●音楽プロデューサー 矢部敦史 インタビュー

伝統と革新を兼ね備えたテーマ曲

 昨年(2004年)夏、田原プロデューサーとオープニングテーマ曲の打合せを初めてした時の事です。次の様な事柄がシリーズのテーマ曲として求められないかと話し合いがなされました。

 大河物語としての悠々と流れる大きさと、アニメーションならではの忍者アクションを現せるような躍動感とが同時に欲しい。
  また、戦国時代の英雄たちの熱い生きざまが、そこに内包される「魂」のある音楽がないものかと。
  さらに本アニメならではの特色として「和」の響きにこだわりたい。

 これらの難しい要素を兼ね備えたアーチストとして浮かんだのが、三味線奏者の上妻宏光さんでした。上妻宏光さんは津軽三味線の名手として、伝統的な世界で第一人者としてのポジションを得ているのにもかかわらず、そこから更にダンスミュージックやジャズとの融合を試みて、常に新しい世界を創造している、音楽家であり革命家です。

 このような上妻さんであれば、普段アニメを見る習慣のない方にも、アニメファンにも、この作品の挑戦と気概が伝えられると考えました。また、日本のみならず欧米でも活躍する上妻さんの音楽であれば、ジャパニメーションとして本作品が海外に紹介されて行く時のイメージシンボルともなるのではないかとも思いました。

 今回、上妻さんの事務所、レコード会社にお願いした結果、快く承諾頂きました。三味線がアニメのテーマ曲となることに驚いてもいらっしゃいました。丁度、ニューアルバムをこれからレコーディングに入るところなので、今回のテーマ曲も一緒に考えましょうという事になりました。

 後日、アルバム「永遠の詩」のミックスが上がったので聞きに来て欲しいと連絡を頂き、スタジオに伺って仕上がった楽曲群を聞かせて頂いた時、私と田原プロデューサーの心が踊りました。どの楽曲も、本アニメの音楽としてぴったりの素晴らしい曲たちばかりでしたから…上妻さんにお願いして本当によかったと思いました。

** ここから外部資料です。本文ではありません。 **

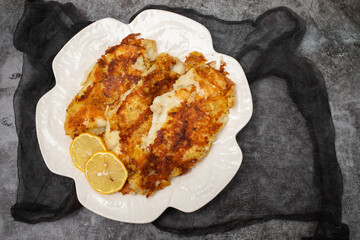 fried breaded fish fillets on white beautiful plate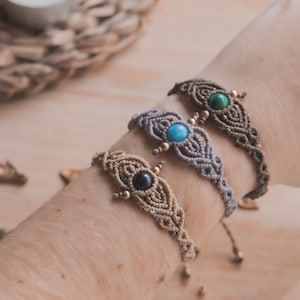 May include: Three macrame bracelets with different colored stones. The bracelets are made with a knotted cord and feature a small, round stone in the center of each bracelet. The stones are turquoise, green, and black.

 オープニングテーマ「刹那」は、三味線と和太鼓だけのシンプルな構成でありながら、躍動感と疾走感溢れる楽曲です。伝統的な楽器による最小限の和のユニットであながら、しっかりとした強さと未来に通じる革新性を持った楽曲です。

 ここに感じられるそれらの想いがアニメと共に視聴者の皆さんの元に届くことを願っております。